In the criminal and civil investigations of the biggest Ponzi scheme ever, the searchlights never blink. And now, more than ever, Andrew Madoff, the 44-year-old younger brother of Mark Madoff, who killed himself on Saturday, will be a key focus.
One look at the bankruptcy trustee's complaint against the Madoff brothers makes it clear that from a legal point of view, they might as well be twins. No doubt prosecutors from the U.S. Attorney's Office in Manhattan have been seeing the duo as one, and possible joint co-defendants, since the brothers turned in their father, Bernie, to the FBI on Dec. 10, 2008, and asserted their lack of knowledge about the Ponzi scheme that funded the family businesses.
The Madoff brothers shared titles and alleged responsibilities at Bernard L. Madoff Investment Securities in New York and were directors of the separately incorporated Madoff operation in London. Mark Madoff was the trustee of Andrew's children's trust funds and vice versa. Mark was a University of Michigan graduate; Andrew a Wharton School-University of Pennsylvania man.
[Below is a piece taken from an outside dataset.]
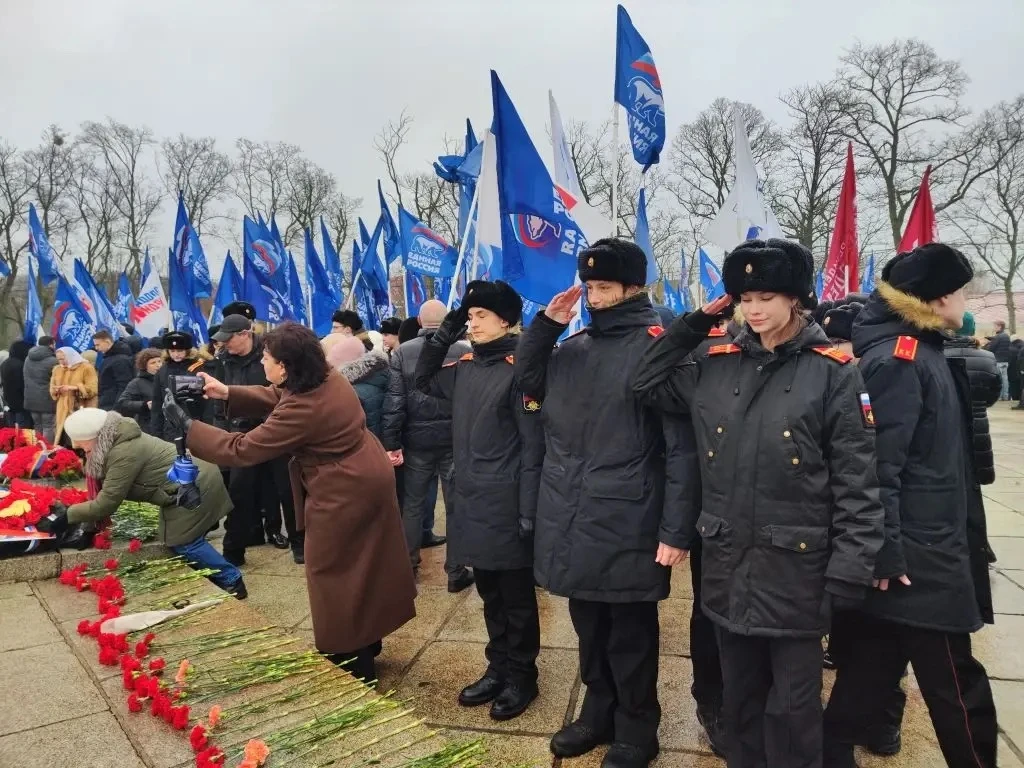 🌟 День защитника Отечества: Память и уважение 🌟  23 февраля наш 10к класс принял участие в торжестве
But as a family friend told The New York Times, "Andy was always tougher than Mark."
And, on advice of counsel, neither one has apparently talked to their father or their mother Ruth in two years. Andrew still will not see or talk to his father any time soon, as the Bureau of Prisons already has decided that Bernard Madoff will not be allowed to take a furlough from the 150-year sentence he is serving at federal prison in Butner, North Carolina, for his son Mark's funeral.
While bankruptcy trustee Irving Picard said in a statement: "This is a tragic development and my sympathy goes out to Mark Madoff's family," it was hardly an apology. His counsel, David Sheehan, from Baker & Hostetler, also confirmed to The Daily Beast: "The trustee will move forward with all the litigation that has been filed, including the litigation in which Mark Madoff is named."
In other words, Mark Madoff's estate will now be a party to all the legal action.
The job of the bankruptcy trustee, in his pursuit of Madoff money, is to be implacable, unblinking, undeterred, and totally determined. In the case of the Madoff brothers, the trustee's legal papers say each brother got about $60 million from the family enterprises and their parents that was stolen from investors.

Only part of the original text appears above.